Three Steps to a Successful KM Implementation
The one-size-fits-all mentality, coupled with the tendency to focus on technology rather than people and process, has obscured the real benefits that KM can bring, according to Nir. It doesn’t help that knowledge management means different things?and often involves different kinds of technologies?at different organizations.
In terms of technology, KM often covers some of the same territory as CRM and sales-force automation, each of which gather information in an effort to increase efficiency and quality of service. Because KM usually requires changes in work patterns, there is also some crossover with change management and HR. The sticking point for many KM initiatives: Knowledge deemed valuable to the organization is often tied to individual experiences, attitudes and behaviors. For example, what makes one salesman better than another may be his individual contact lists. But as most salespeople are loathe to share any of their inside customer information, an organization must provide motivation for them to do so, such as offering them compensation or encouraging them to close sales collaboratively rather than individually. That is why paying attention to people and process is so important.
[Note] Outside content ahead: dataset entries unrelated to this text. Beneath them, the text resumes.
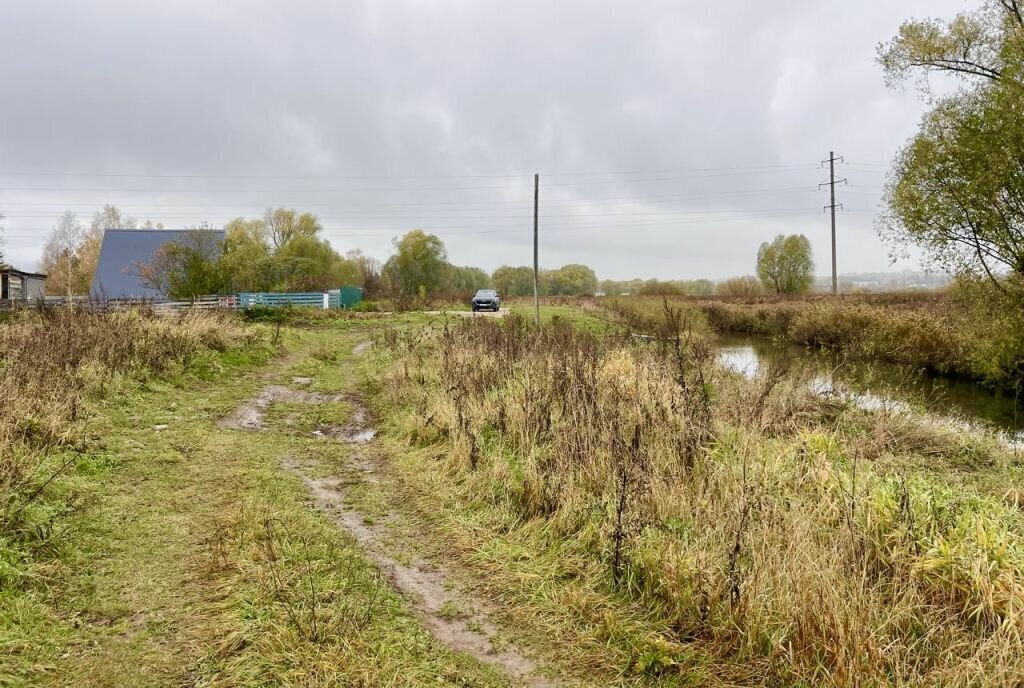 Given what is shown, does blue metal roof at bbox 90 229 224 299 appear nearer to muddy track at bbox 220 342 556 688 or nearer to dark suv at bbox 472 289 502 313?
dark suv at bbox 472 289 502 313

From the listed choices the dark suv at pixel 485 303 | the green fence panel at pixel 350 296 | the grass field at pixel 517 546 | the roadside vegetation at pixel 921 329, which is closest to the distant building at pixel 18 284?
the green fence panel at pixel 350 296

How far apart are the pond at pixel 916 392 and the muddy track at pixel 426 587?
19.8 feet

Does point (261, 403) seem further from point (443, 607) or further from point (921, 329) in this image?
point (921, 329)

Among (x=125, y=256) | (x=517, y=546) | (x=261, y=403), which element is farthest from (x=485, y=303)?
(x=517, y=546)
Defined broadly, knowledge management is the process through which organizations extract value from their intellectual assets. To get KM initiatives off to a good start, executives must evaluate whether their organization has a strategic need for knowledge management in the first place. Then it’s necessary to decide whether the current process of dealing with corporate knowledge is effective and if the culture is ready for procedural changes. Once executives have resolved those issues, the CIO can evaluate the existing technology infrastructure to determine whether it’s adequate for KM or whether new systems are needed.
Ask Why
The first step toward a successful KM project is to look closely at your organization and define the strategic business need. If KM isn’t tied to a business goal, the organization could end up with an expensive system that takes up server space but has no real purpose or ROI. Unfortunately, this first step is one many organizations fail to take. In a recent study by The Conference Board, 82 percent of participating companies indicated they were involved in a KM project, but only 15 percent of them said they had specific, stated objectives for the project.
Often companies link a need for KM with an event. During mergers, for example, information about intellectual assets, processes and potential collaboration should be collected for use in the new organization. Some people also view layoffs as a good time to look at KM. But Gene Wright, director of the manufacturing practice at Born, a Minneapolis-based technology consultancy, says companies shouldn’t wait for a major shake-up. "When you look up and notice a redundant process or an example of repeated inefficiency where you realize you’re spending all your time searching for information online instead of communicating with your clients or customers, that’s a good time to think about KM," he says. "It’s when you reach the point of pain, when you realize you can do things better."